Training-related (Adversarial examples)
Adversarial examples [198, 83] refer to data that are designed to fool an AI model by inducing unintended behavior. They do this by exploiting spurious correlations learned by the model. They are part of inference-time attacks, where the examples are test examples. They generalize to different model architectures and models trained on different training sets.
ENTITY
1 - Human
INTENT
1 - Intentional
TIMING
2 - Post-deployment
Risk ID
mit1098
Domain lineage
2. Privacy & Security
2.2 > AI system security vulnerabilities and attacks
Mitigation strategy
1. Prioritize **Adversarial Training** (also known as Adversarial Learning): This involves augmenting the model's training dataset with carefully crafted adversarial examples. This technique exposes the model to manipulated inputs during the training phase, fundamentally enhancing its intrinsic robustness and resilience against evasion attacks. 2. Implement **Differential Privacy** and **Output Obfuscation**: To mitigate inference-time attacks, such as model inversion and membership inference, employ differential privacy techniques to protect individual data points.
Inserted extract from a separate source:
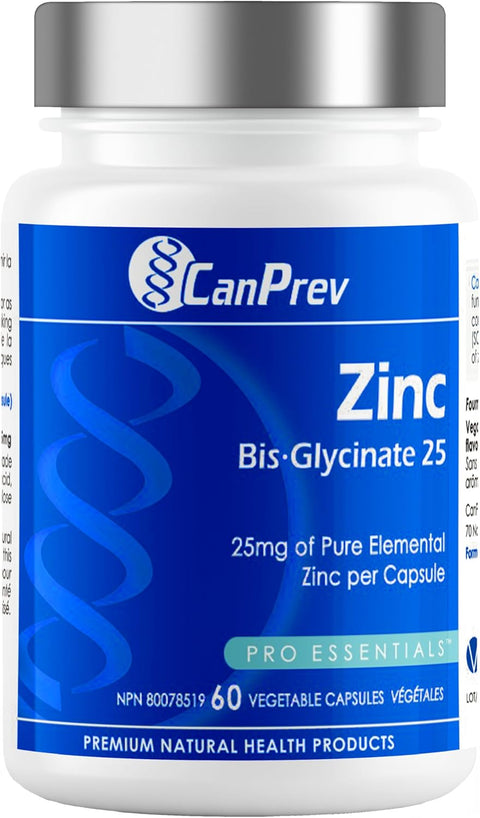 CanPrev Zinc Bis·Glycinate 25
Additionally, reduce the granularity of model outputs (e.g., returning only class labels instead of probabilities) to deny adversaries the requisite data for effective reverse-engineering or crafting precise attacks. 3. Employ **Robust Feature Extraction** and **Data Validation Pipelines**: Utilize robust feature extraction methods to isolate meaningful patterns in input data while minimizing the influence of irrelevant or misleading information (noise), thereby fortifying predictions. Furthermore, automate data validation and sanitization checks on all inference inputs to detect and eliminate subtle, malicious perturbations before they can compromise the model's prediction integrity.